= John J. Moses =

John J. Moses is a New York City-based clarinetist who has played with the American Composers Orchestra, The New York Pops, and The Westchester Philharmonic. He has held a soloist or orchestral role in over 200 films and Broadway productions. Moses is a five time Grammy winner.

==Career==

Moses performed at the opening of 26 Broadway productions including "Wicked", "Nine", "Oklahoma!", and "Sweeney Todd", working with Andrea Bocelli, Pat Metheny, and Celine Dion. He performed with the New York City Ballet Orchestra, New York City Opera, New Jersey Symphony Orchestra, the P.D.Q. Bach Orchestra, The New York Philharmonic and the St. Louis Symphony.

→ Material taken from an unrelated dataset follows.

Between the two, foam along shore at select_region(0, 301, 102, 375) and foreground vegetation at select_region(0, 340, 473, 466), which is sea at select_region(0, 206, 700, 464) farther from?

Moses also worked on a number of film musical scores including "Interview with a Vampire", "You've Got Mail", "Beauty and the Beast", and "Aladdin" as well as television commercials for Buick, Cheerios, and MasterCard. He has appeared on The David Letterman Show and Good Morning America.

Moses was a lecturer at The Juilliard School, The Mannes College, and The Manhattan School of Music. Moses has also been part of fourteen festivals; among them The Adare Festival in Ireland, The Cabrillo Festival, Mostly Mozart-NYC, and The Spoleto Festival in Italy.

Moses won five Grammys for his work in Broadway theatre.